I have come across the term "saturation" in the context of neural networks and I can't find a straightforward definition for it. for instance:

Because linear units do not saturate, they pose little difficulty for gradient- based optimization algorithms

Does someone have a good definition for "saturation"?

Blade
  • 611
  • 4
  • 16

1 Answers1

3

An activation function $h(x)$ with derivative $h_0 (x)$ is said to right (resp. left) saturate if its limit as $x → ∞$ (resp. $x → −∞$) is zero. An activation function is said to saturate (without qualification) if it both left and right saturates. Most common activation functions used in recurrent networks (for example, tanh and sigmoid) are saturating. In particular they are soft saturating, meaning that they achieve saturation only in the limit.

Let $c$ be a constant such that $x > c$ implies $h_0(x) = 0$ and left hard saturates when $x < c$ implies $h_0(x) = 0, ∀x.$ We say that h(·) hard saturates (without qualification) if it both left and right hard saturates. An activation function that saturates but achieves zero gradient only in the limit is said to soft saturate.

We can construct hard saturating versions of soft saturating activation functions by taking a first-order Taylor expansion about zero and clipping the results to an appropriate range.

For example, expanding tanh and sigmoid around 0, with $x ≈ 0$, we obtain linearized functions $u_t$ and $u_s$ of tanh and sigmoid respectively:

$sigmoid(x) ≈ u_s(x) = 0.25x + 0.5$

$tanh(x) ≈ u_t(x) = x$

Clipping the linear approximations result to,

$hard-sigmoid(x) = max(min(u_s(x), 1), 0)$

$hard-tanh(x) = max(min(u_t(x), 1), − 1)$

The motivation behind this construction is to introduce linear behavior around zero to allow gradients to flow easily when the unit is not saturated, while providing a crisp decision in the saturated regime.

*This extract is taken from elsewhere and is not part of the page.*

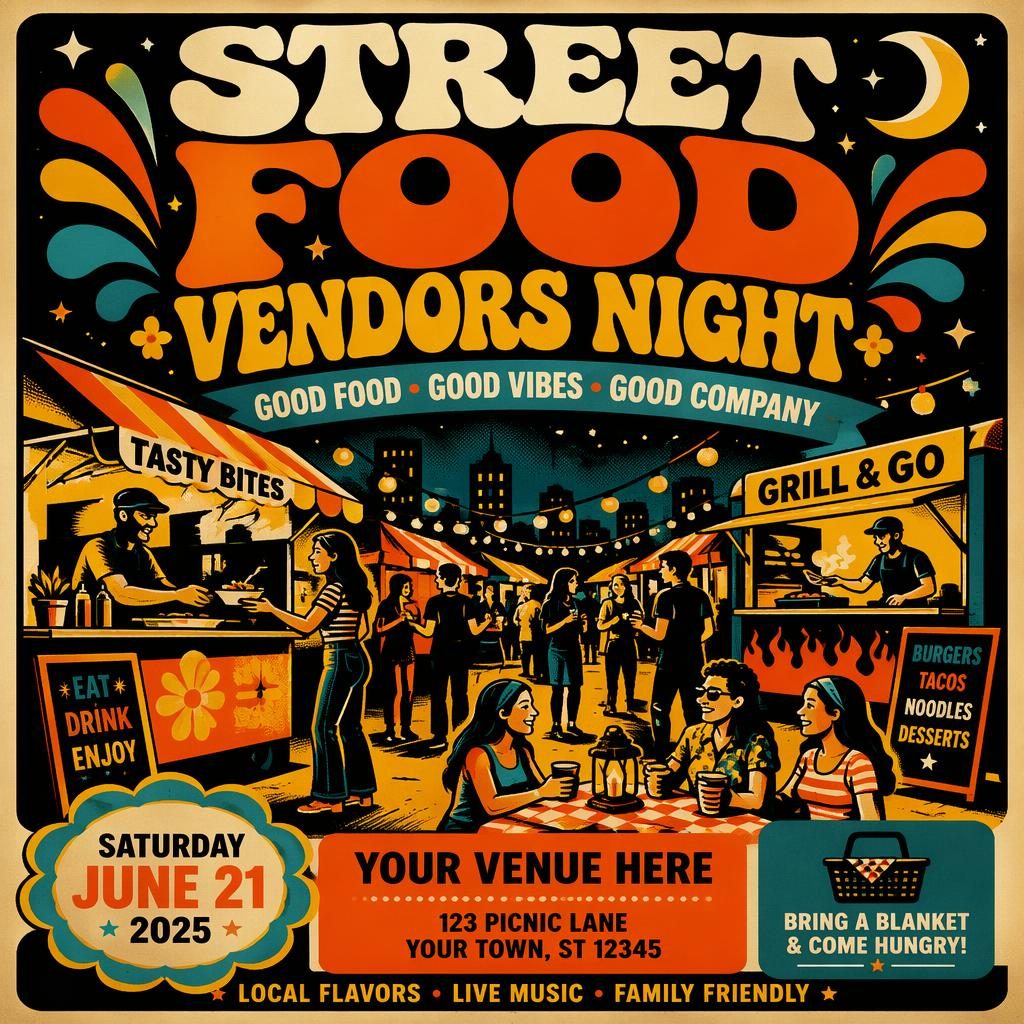Vintage 1960s-style event poster for Street Food Vendors Night with bold high-contrast colors and clean placeholder text.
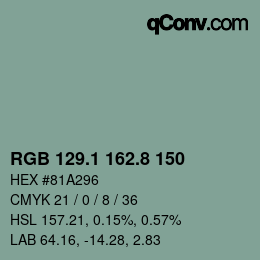 Color code: RGB 129.1 162.8 150 | qconv.com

enter image description here

The ability of the hard-sigmoid and hard-tanh to make crisp decisions comes at the cost of exactly 0 gradients in the saturated regime. This can cause difficulties during training: a small but not infinitesimal change of the pre-activation (before the nonlinearity) may help to reduce the objective function, but this will not be reflected in the gradient.